❗❗ This repo will no longer be maintained, please visit https://github.com/milvus-io/bootcamp ❗ ❗
The key point of cross-modal image and text matching is how to accurately measure the similarity between images and text. This project references the paper of Deep Cross-Modal Projection Learning for Image-Text Matchingand its project, using Pytorch neural network to extract image-text embeddings. image features are extracted using the trained model and inserted into Milvus.

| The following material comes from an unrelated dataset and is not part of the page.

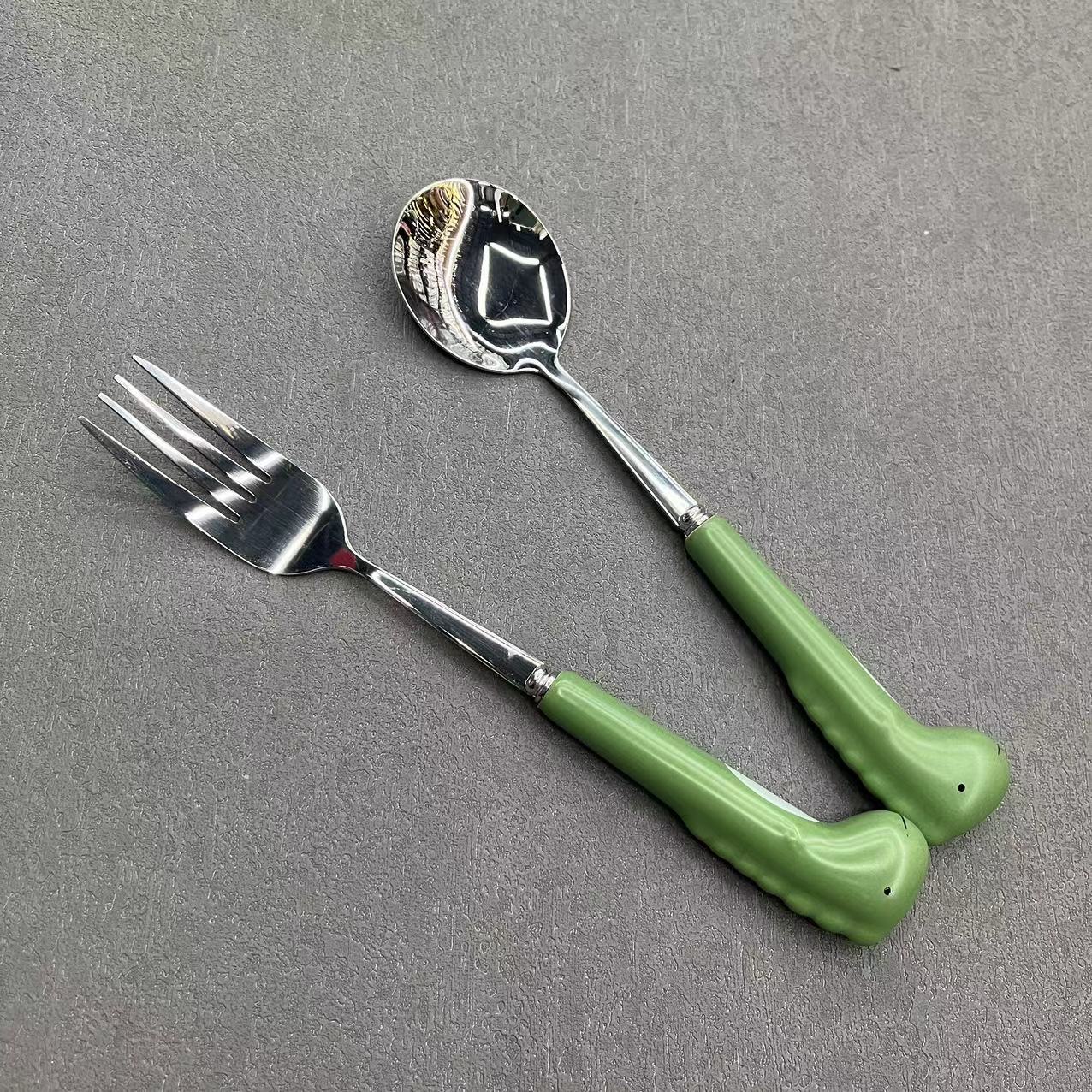 New Products Are Selling Like Hot Cakes! Quality Cutlery Set, Kitchen Essential Knife, Fork And Spoon, Great Price, Flash Sale, Don't Buy You Will Regret! details Picture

After inputting the text and then using Milvus to search, similar images can be obtained to achieve cross-modal retrieval.
-
Milvus 1.0.0
-
Pytorch 1.0.0 & torchvision 0.2.1
-
numpy
-
scipy 1.2.1
-
Pull source code.
$ git clone https://github.com/labyrinth7x/Deep-Cross-Modal-Projection-Learning-for-Image-Text-Matching.git
-
Download CUHK-PEDES dataset
Request the dataset from lishuang[at]mit.edu or tong.xiao.work[at]gmail.com (academic only).
-
Download the pre-extracted data from GoogleDrive and move them to data/processed folder. Or you can use the file dataset/preprocess.py to prepare your own data.
-
Download the pre-trained model weights from GoogleDrive and move them to pretrained_models folder.
Before running the script, modify the parameters in scripts/train.sh:
Parameter | Description |
---|---|
ANNO_DIR | The directory of annotations. |
CKPT_DIR | The directory of model. |
LOG_DIR | The directory of model's logs. |
PRETRAINED_PATH | The pre-trained image model. |
num_epoches | The number of epoche. |
$ sh scripts/train.sh
-
Pull source code.
$ git clone -b 0.10.0 https://github.com/milvus-io/bootcamp.git
-
Load model.
Move the images, the newly trained model, and its logs to the corresponding directories, data/CUHK_PEDES, data/model_data, and data/logs.
-
Start pedestrian search service.
$ ./app.sh # You are expected to see the following outputs. * Serving Flask app "app" (lazy loading) * Environment: production WARNING: This is a development server. Do not use it in a production deployment. Use a production WSGI server instead. * Debug mode: off * Running on http://192.168.1.85:5001/ (Press CTRL+C to quit)
Now, get the API by visiting http://192.168.1.85:5001/ in your browser.